::: Records for the task :::

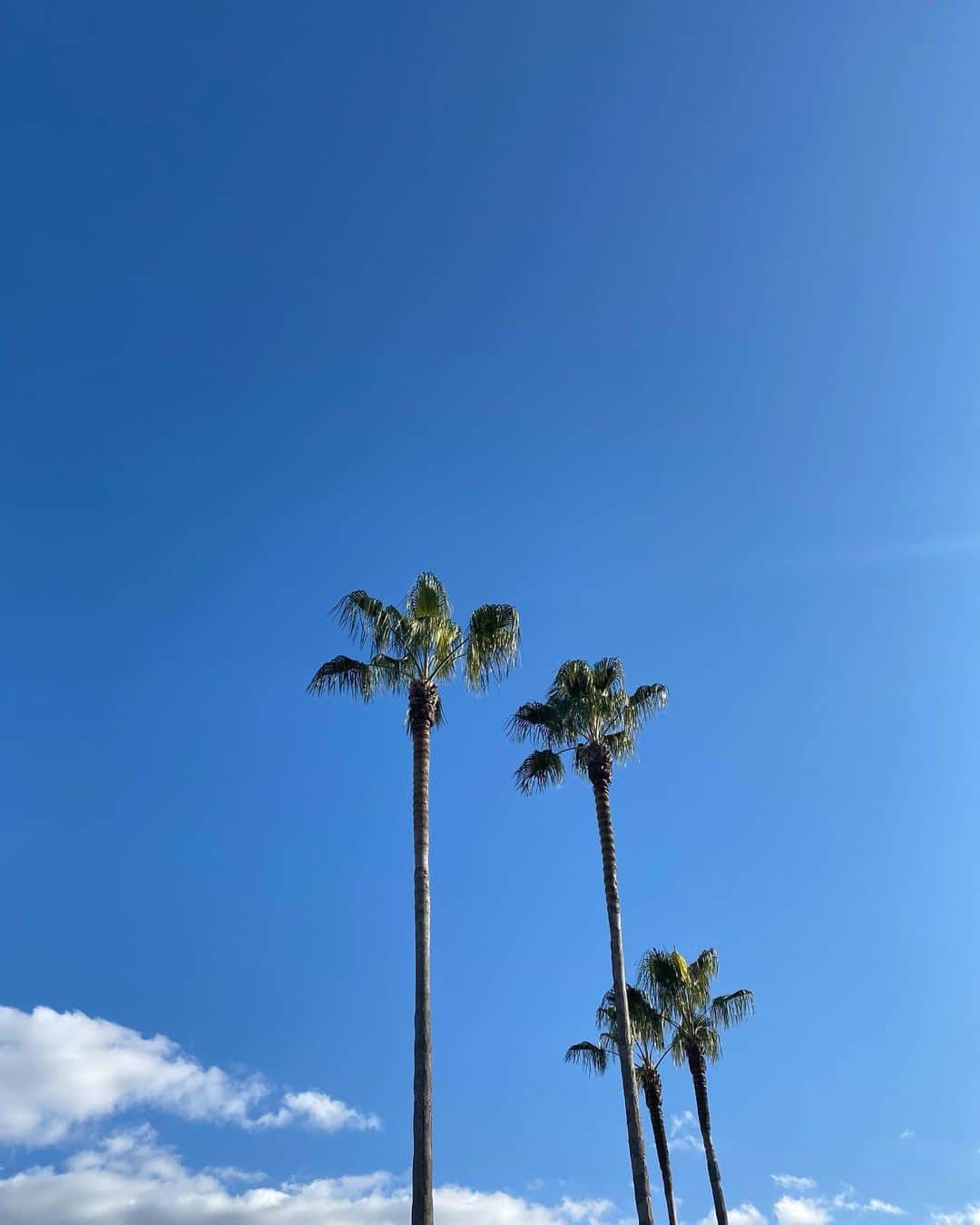 長谷川あやのインスタグラム：「🌴🌴🌴#universalstudiosjapan ・ ・ ・ いつかまたゆっくり、、、😌💭」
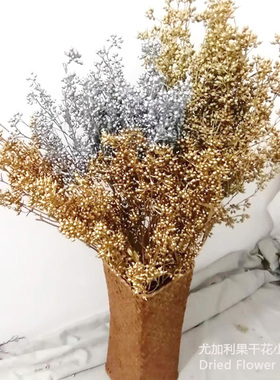 干花金色永生花尤加利果天然米果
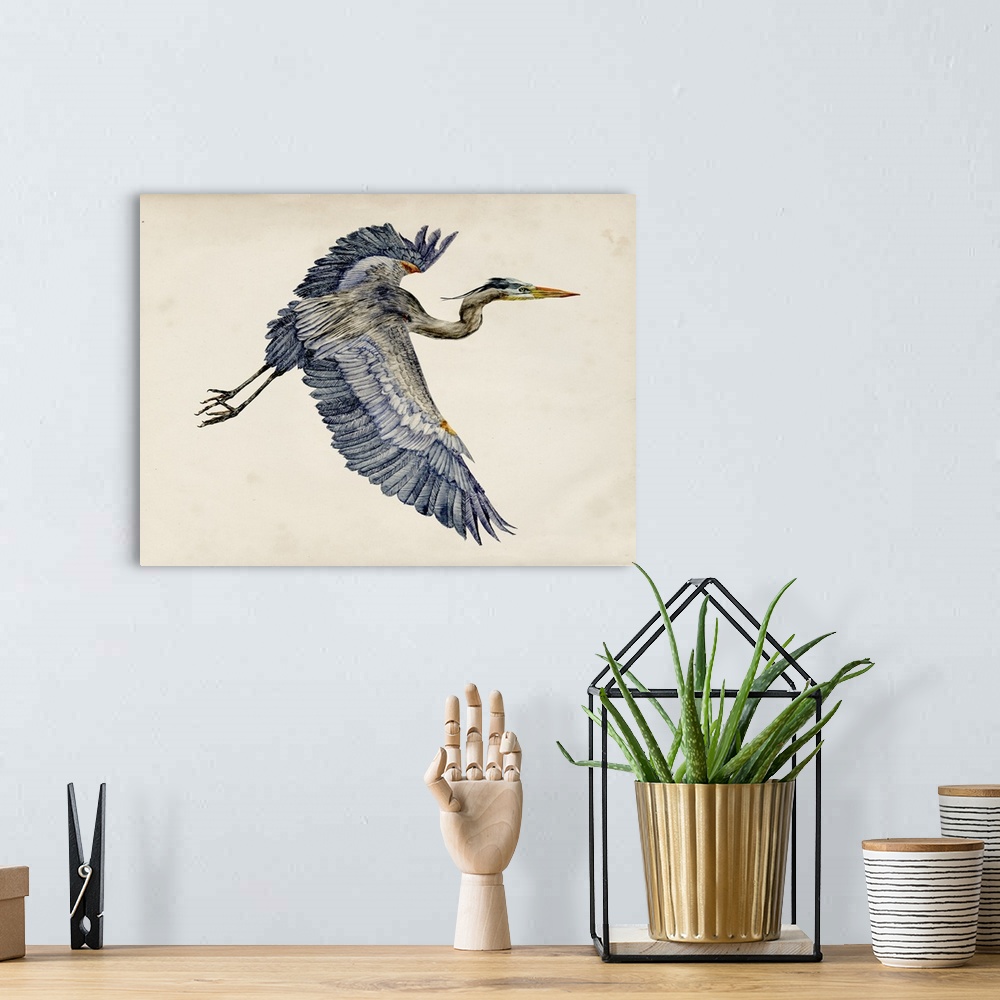 A bohemian room featuring Illustration of a Great Blue Heron in flight on a parchment background.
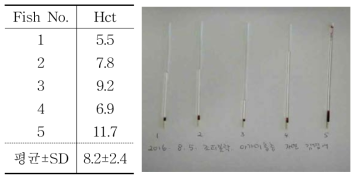 마이크로코타일 자연감염어의 헤마토크리트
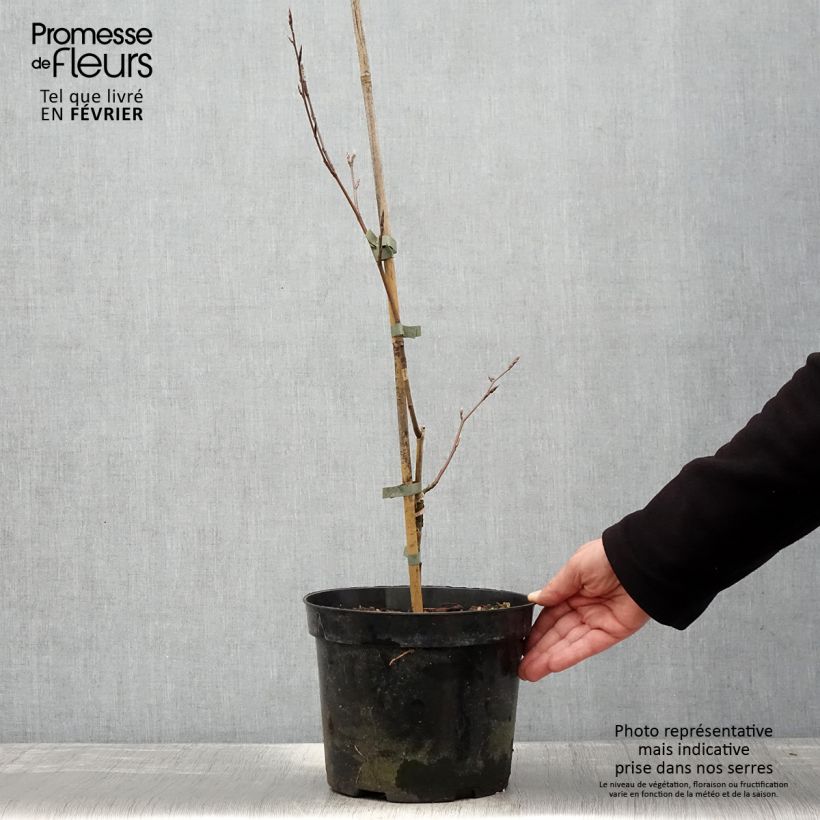 Spécimen de Fagus sylvatica f. suentelensis - Hêtre tortillard - Pot de 4L/5L tel que livré en hiver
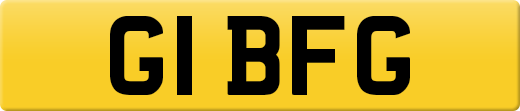 G1BFG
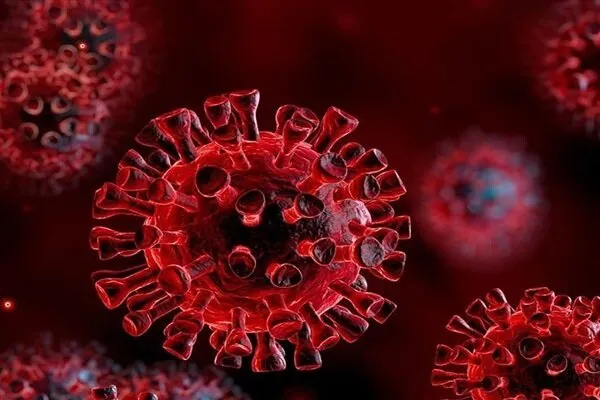داروی کاهش تری گلیسیرید در بهبود علائم کووید ۱۹ موثر است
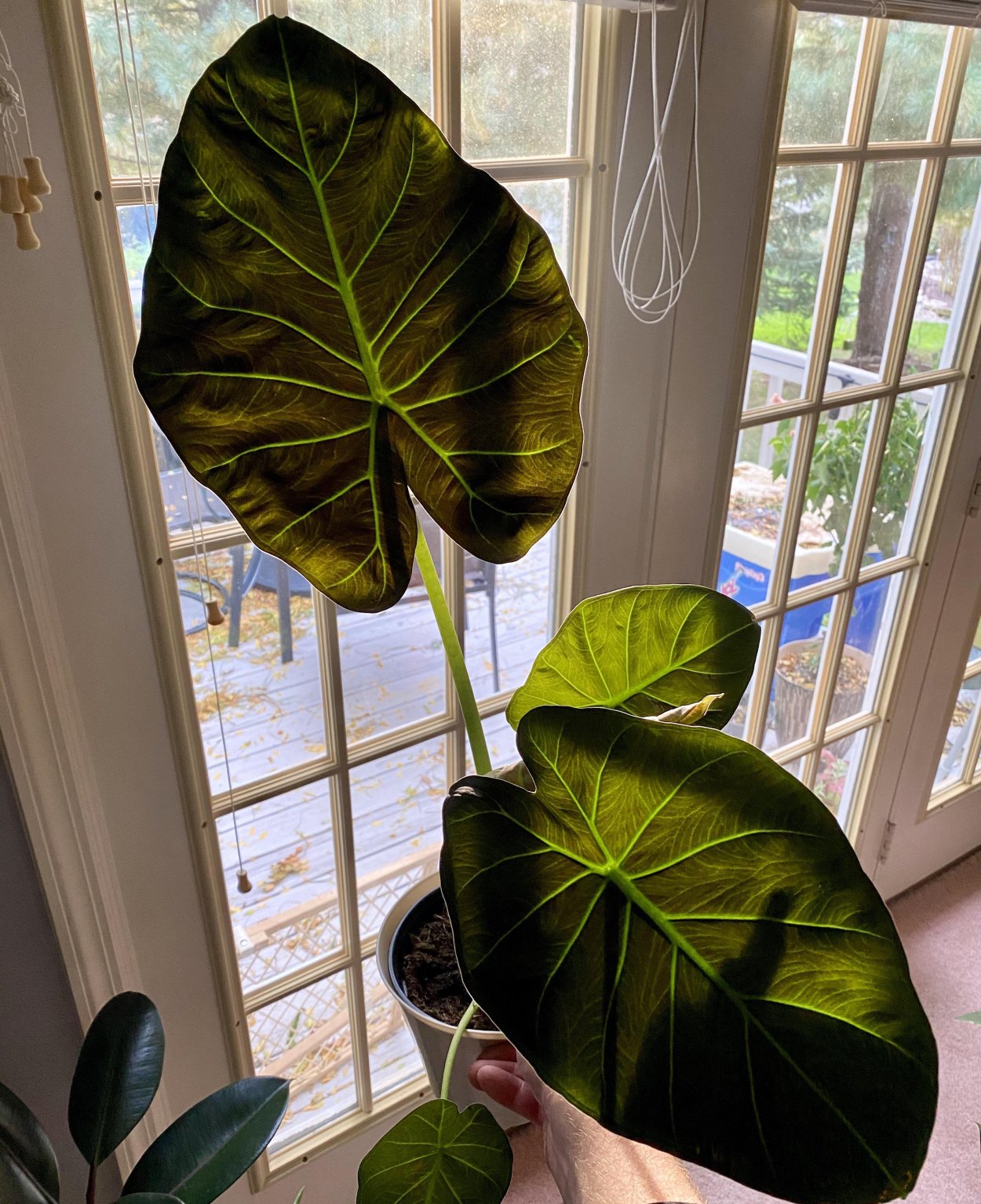 Алоказия Регал Шилдс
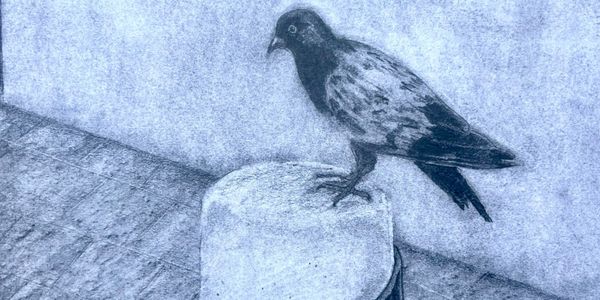 A bird perched on a stone in a sketch-like blue-toned image.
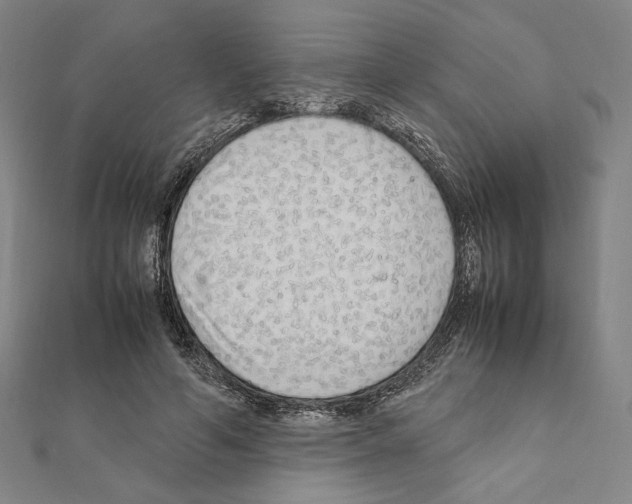 X0000111190594200908121049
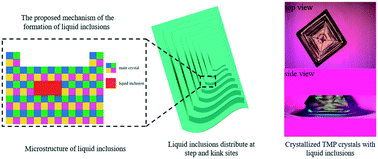 Graphical abstract: Effect of crystal growth kinetics on the formation of liquid inclusions in tetramethylpyrazine crystals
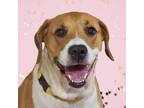 Adopt Monica a Tan/Yellow/Fawn Mixed Breed (Large) / Mixed dog in Asheville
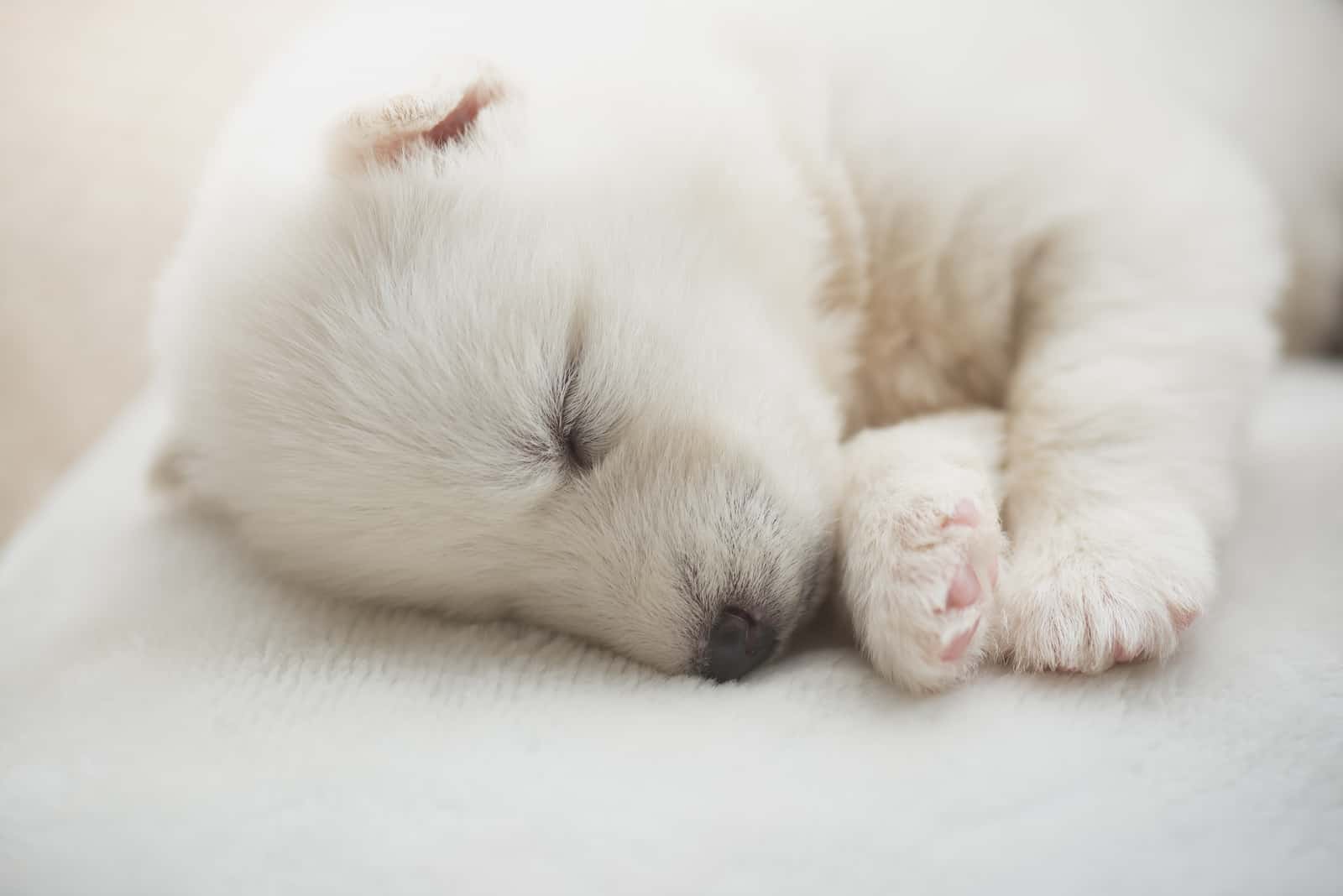 husky puppy sleeping on white bed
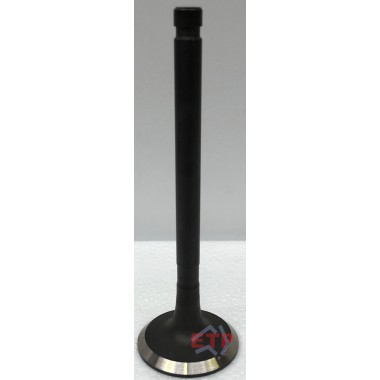 Exhaust Valve for Toyota 22R
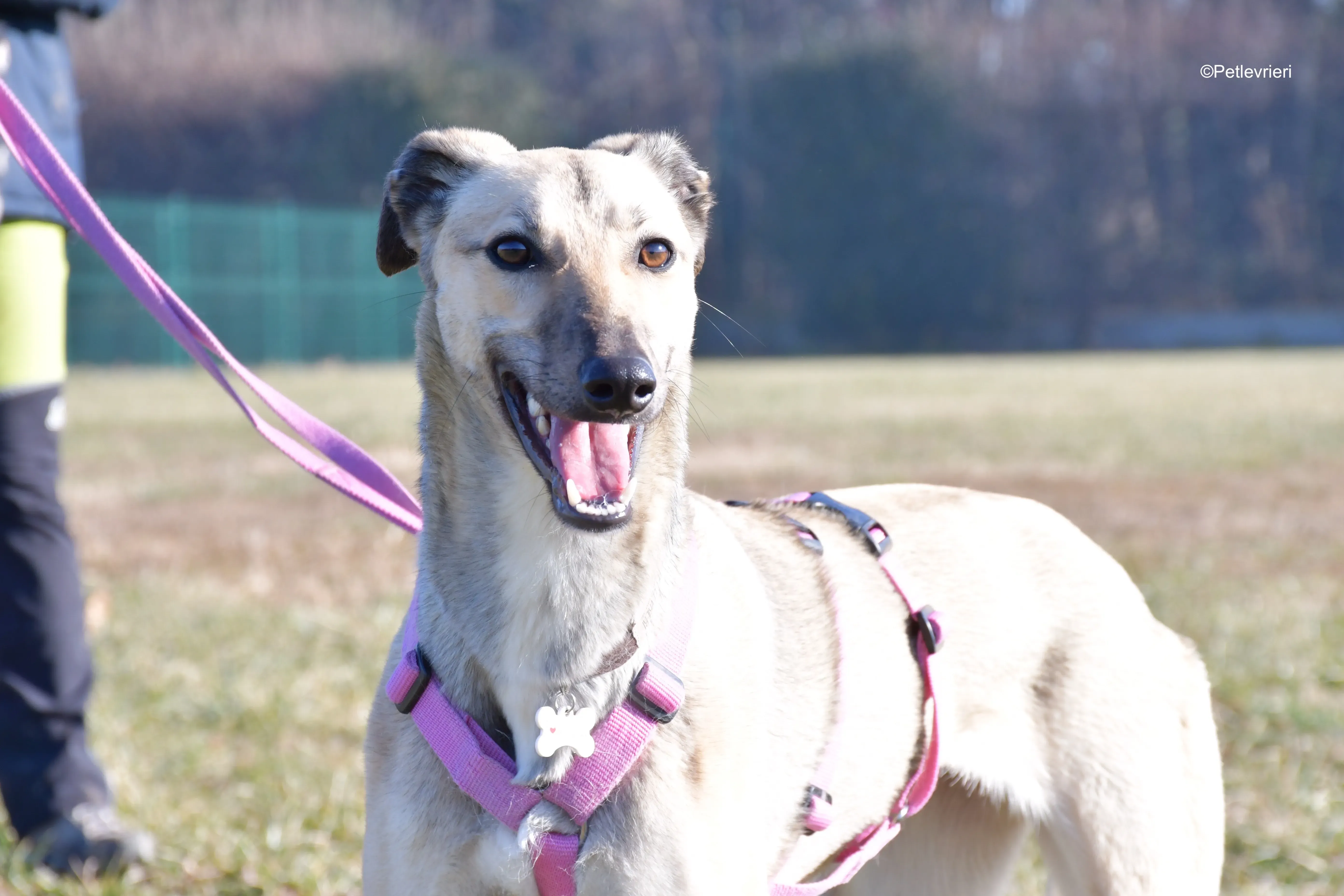 carrie adozione levrieri greyhound 10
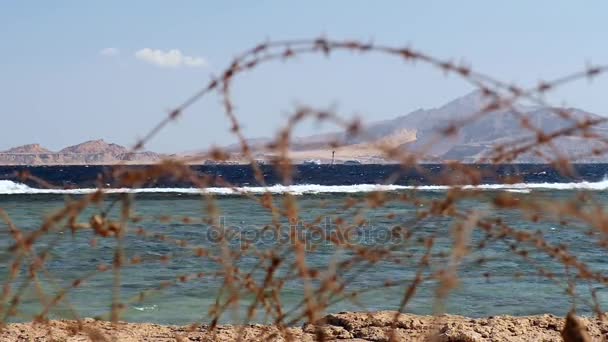 Gammal taggtråd framför havet — Stockvideo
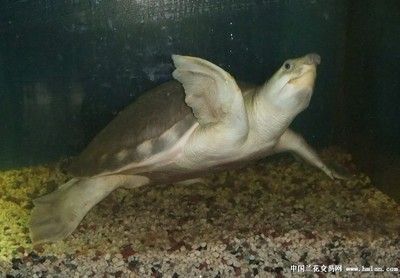 豬鼻龜能交易嗎：豬鼻龜為什么禁止銷售呢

:::

:: Your goal ::
All of the lines above should be printed exactly, minus the pictures.

:: Answer box ::
 長谷川あやのインスタグラム：「🌴🌴🌴#universalstudiosjapan ・ ・ ・ いつかまたゆっくり、、、😌💭」
 干花金色永生花尤加利果天然米果
 A bohemian room featuring Illustration of a Great Blue Heron in flight on a parchment background.
 마이크로코타일 자연감염어의 헤마토크리트
 Spécimen de Fagus sylvatica f. suentelensis - Hêtre tortillard - Pot de 4L/5L tel que livré en hiver
 G1BFG
داروی کاهش تری گلیسیرید در بهبود علائم کووید ۱۹ موثر است
 Алоказия Регал Шилдс
 A bird perched on a stone in a sketch-like blue-toned image.
 X0000111190594200908121049
 Graphical abstract: Effect of crystal growth kinetics on the formation of liquid inclusions in tetramethylpyrazine crystals
 Adopt Monica a Tan/Yellow/Fawn Mixed Breed (Large) / Mixed dog in Asheville
 husky puppy sleeping on white bed
 Exhaust Valve for Toyota 22R
 carrie adozione levrieri greyhound 10
 Gammal taggtråd framför havet — Stockvideo
 豬鼻龜能交易嗎：豬鼻龜為什么禁止銷售呢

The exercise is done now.